Et même au sein de celui-ci, les choses n’ont rien d’aisées. Là où il existe une riche littérature décoloniale et antiraciste, nous manquons cruellement d’outils et de conceptualisation pour aborder l’histoire de notre rapport à l’Etat-central. Probablement car trop rares sont les gens qui se penchent sur le sujet.
Or, si des choses dans ce qu’ont vécu nos ainés peuvent se rapprocher du vécu des populations issues de l’immigration, nos réalités n’en demeurent pas moins différentes en bien des points. Raisons pour laquelle nous ne pouvons céder à la paresse intellectuelle et nous contenter de reprendre tels quels des concepts propres à la littérature décoloniale.
En d’autres termes, il nous reste encore beaucoup à penser. Mais nous persévérons, car l’enjeu nous semble être de taille. Et parce que c’est peut-être là que se trouve une partie de la réponse à ce Nous tant fantasmé…
Enfin, il me semble opportun de conclure ces quelques mots par un message à ceux d’entre-nous qui ont opté pour la solution du racisme.

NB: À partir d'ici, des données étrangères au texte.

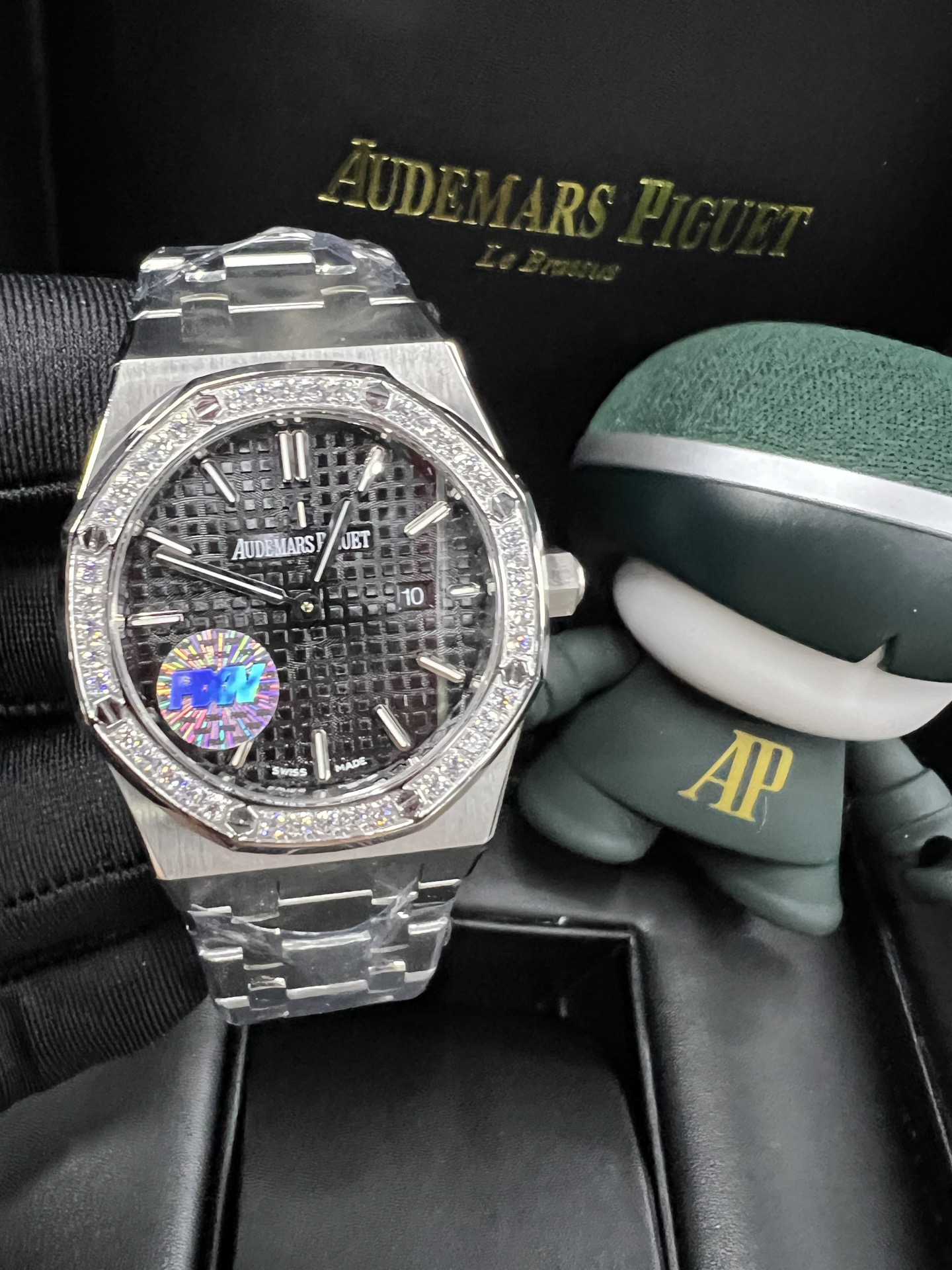 NO:158223,RXW Audemars Piguet Royal Oak Series 67651RS Women's Quartz Watch, a combination of excellence and classic. A classic watch that symbolizes the pinnacle of luxury and craftsmanship. This watch is not only a chronograph tool, but also a work of art. The unique textured dial is engraved with a large plaid decoration of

L’extrême-droite nous propose un contrat racial, qui nous garantit que même embourbés dans la précarité, nous ne serons jamais le dernier échelon de l’échelle social, réservé aux non-blancs. C’est un fait, dans la société que défend l’extrême-droite, nous resterons pauvres et méprisés, mais on nous invitera à trouver du réconfort dans le fait qu’il y a des individus encore plus pauvres et déconsidérés que nous.
Est-ce là ce que nous voulons vraiment ? Se réconforter face à notre propre misère en contemplant celle des autres, plus terrible encore ? Pourquoi se contenter de ça, là où nous pourrions nous battre ensemble pour rebâtir ce qui nous a été pris, pour retrouver cette fierté perdue et défendre ensemble l’existence d’identités plurielles dans cette France qui n’a rien d’un bloc monolithique.
Nous avons bien plus à gagner à nous battre aux côtés de nos frères non-blancs, qu’à adhérer au projet civilisationnel de l’extrême-droite, qui n’est finalement rien d’autre que la négation de la diversité qui fait de nous ce que nous sommes.